In a common type of seller-financed agreement, called a “deed contract” or land contract, the seller extends credit directly to the buyer, who generally does not receive the deed until the loan is not refunded. Because buyers don’t have proof of ownership, their payments may not constitute the equity in the property, and it may not be clear who is responsible for taxes and repairs. Loans typically lack foreclosure protection, so buyers who fall behind in payment can risk eviction and loss of their investment if they miss a payment.

“They are very high risk,” said Mike Calhoun, president of the Center for Responsible Lending. “They’re almost always a horrible idea.”

Non-traditional financing needs to be looked at more closely by policymakers, Calhoun said, particularly because buyers may be increasingly pressured to consider it as housing becomes less affordable.

Home prices have jumped due to the lack of available properties, and now mortgage rates are rising. The average interest rate on a 30-year fixed-rate mortgage hit 5% in mid-April, the highest in more than a decade. Rising rates and prices combined with tight inventories “make home ownership the most expensive in a generation,” mortgage finance giant Freddie Mac said.

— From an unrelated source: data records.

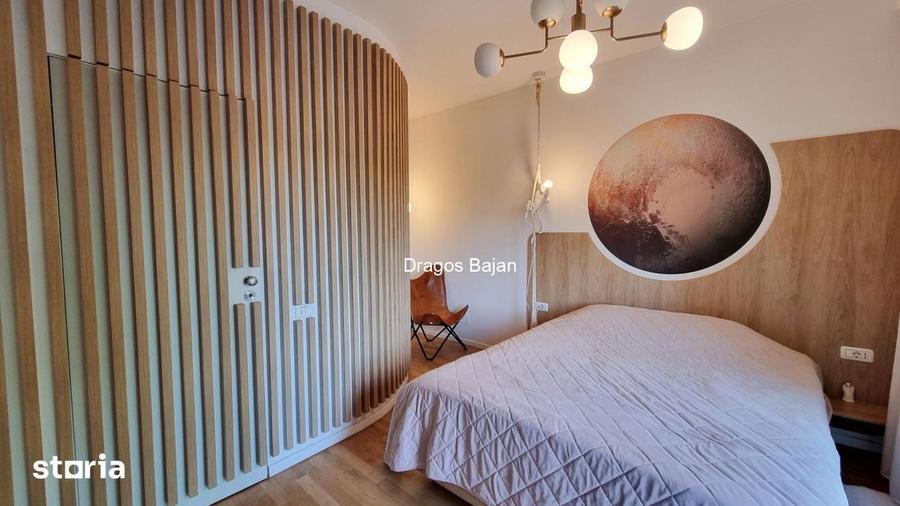 Apartament cu 3 camere, mobilat în Centrul Civic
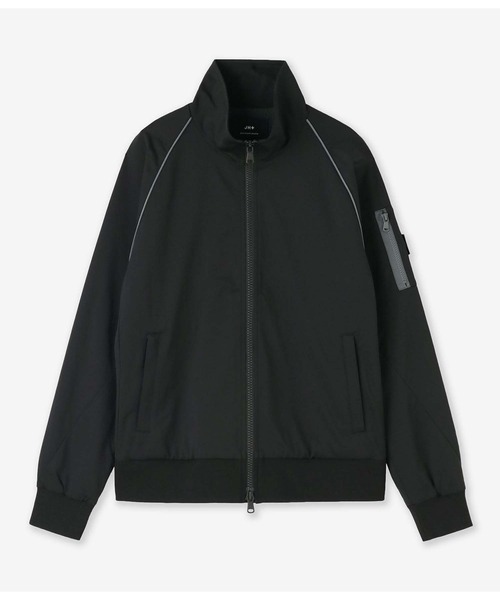 ジュンハシモト　junhashimoto ジャケット　ブルゾン junhashimoto（ジュンハシモト）の「TRACK JACKET（ブルゾン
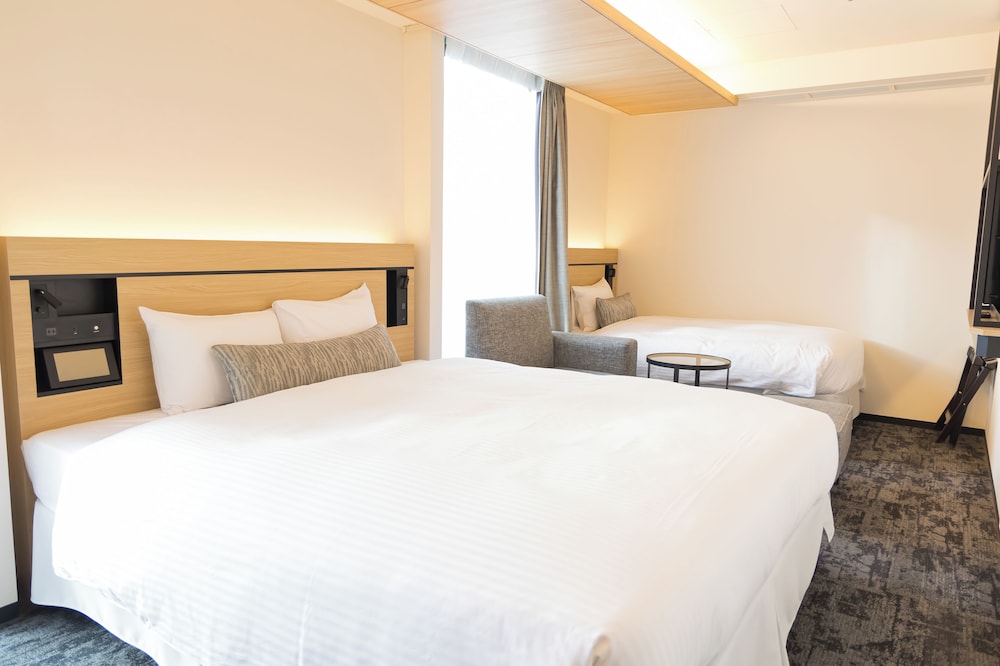 ファミリー ルーム 禁煙 | ホテル京阪 京都駅南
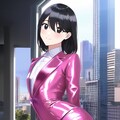 AI・ちちぷいのおかげで具現化出来た女性＆女の子キャラ達 6枚目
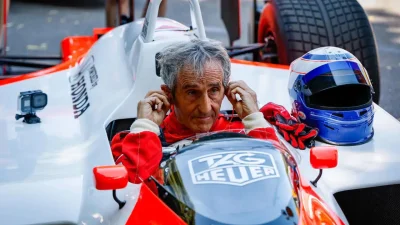 Formula 1 dünyası, efsanevi pilot Alain Prost’tan gelen şok haberle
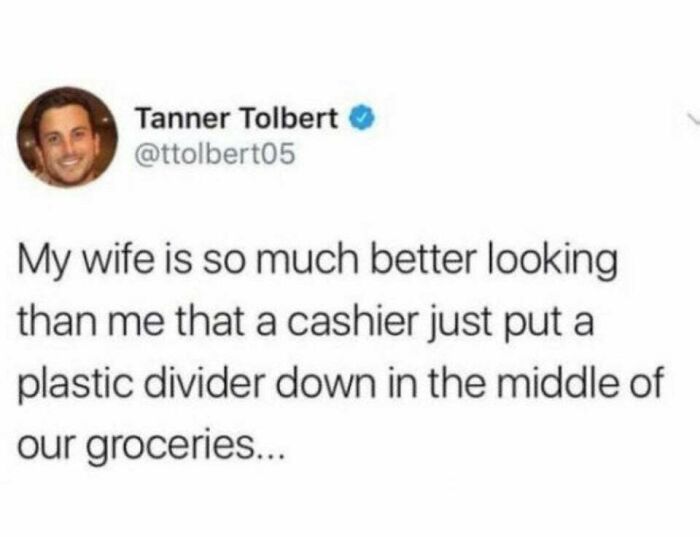 We're Married, I Swear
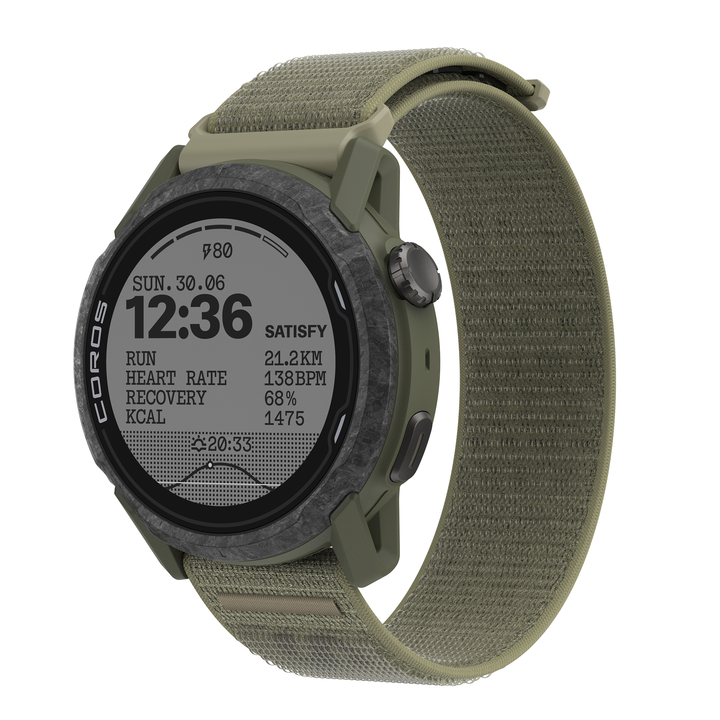 Coros X Satisfy Apex 4 GPS Sport Watch 46mm - One Size - Unisex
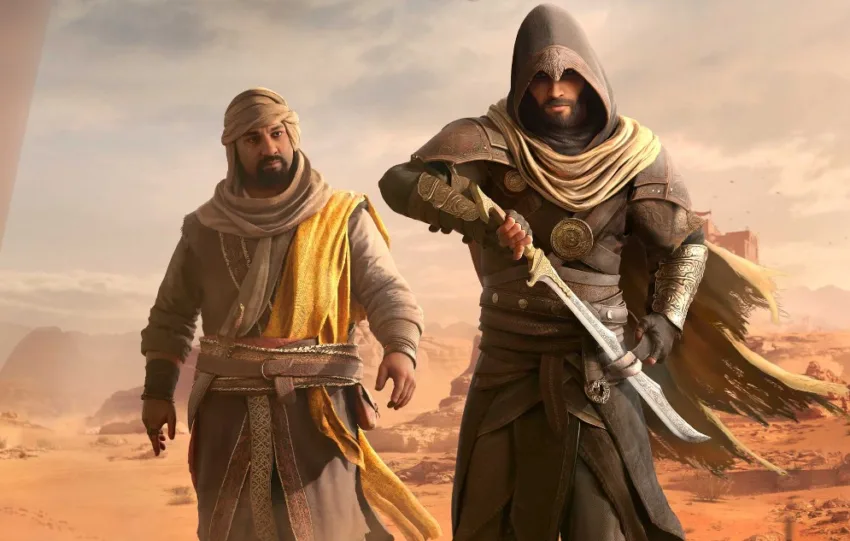 Assassin’s Creed Mirage: Δωρεάν DLC Valley of Memory με νέα αποστολή στις 18 Νοεμβρίου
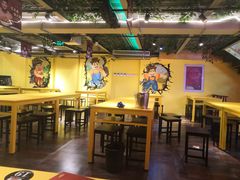 大堂-三个大叔东北烧烤·砂锅菜(西三旗店)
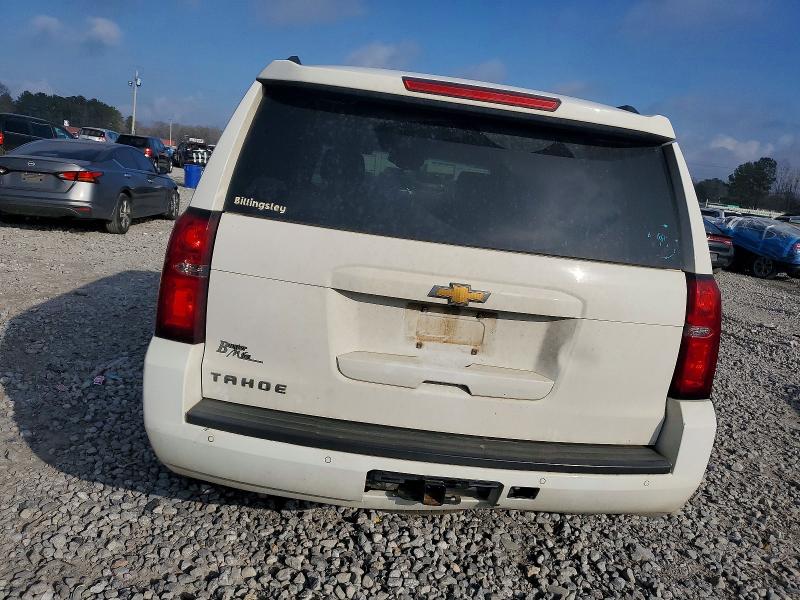 Фото 6 - CHEVROLET TAHOE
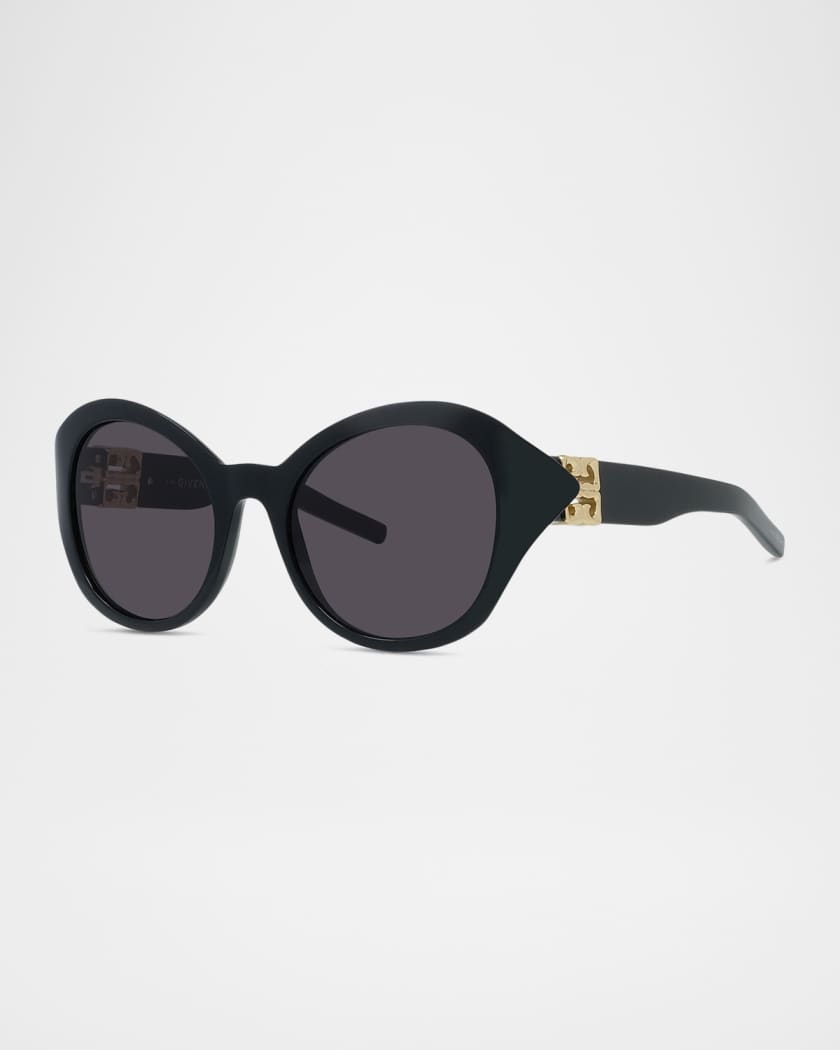 4G Liquid Butterfly Sunglasses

Manufactured homes offer a large pool of unsubsidized affordable housing, but risky financing and land ownership issues can undermine their potential as a solution to the housing shortage, Ms Roche said.

The industry needs “more careful oversight and regulation,” Calhoun said, if it is to be a viable “mainstream” alternative.

Here are some questions and answers about alternative real estate financing:

Pew said more research is needed to quantify how often homebuyers are successful in obtaining title to their homes when using non-traditional financing. In a separate report, Pew said “virtually nothing is known about what families end up owning their homes when using these agreements.” But he also said the available evidence “clearly points to frequent poor outcomes”. A 2012 study of low-income settlements in Texas, for example, found that less than 20% of deed-deed buyers made the transition to a deed.

If you’re considering buying with some sort of alternative financing, always look for other options, Calhoun said. Some buyers may feel intimidated seeking financing from a traditional lender, but it’s best to start there, he said: “Check with your bank or credit union.

Purchases that include both a manufactured home and the land underneath may qualify for conventional mortgages, Calhoun noted. “People need to shop around,” he said.

(More than a quarter of home loan borrowers own the land under their home and may qualify for mortgages, according to the Pew report, although they may have to navigate legal hurdles in some states.)

Sarah Bolling Mancini, an attorney at the National Consumer Law Center, said deals such as land deals carry significant risk. One way borrowers can protect themselves, she said, is to file an affidavit, or copy of the finance agreement, with a local deeds registry or county clerk’s office to document their financial interest. in the property. People can do this themselves or seek low-cost or free legal help. The federal government offers an online search tool.

While many people use the terms interchangeably, manufactured homes are manufactured homes manufactured after mid-1976 that meet construction and safety standards set by the Department of Housing and Urban Development, according to Consumer Financial Desktop protection. The mobile homes were built before 1976. The industry produces about 90,000 manufactured homes a year, according to the Manufactured Housing Institute, a trade group.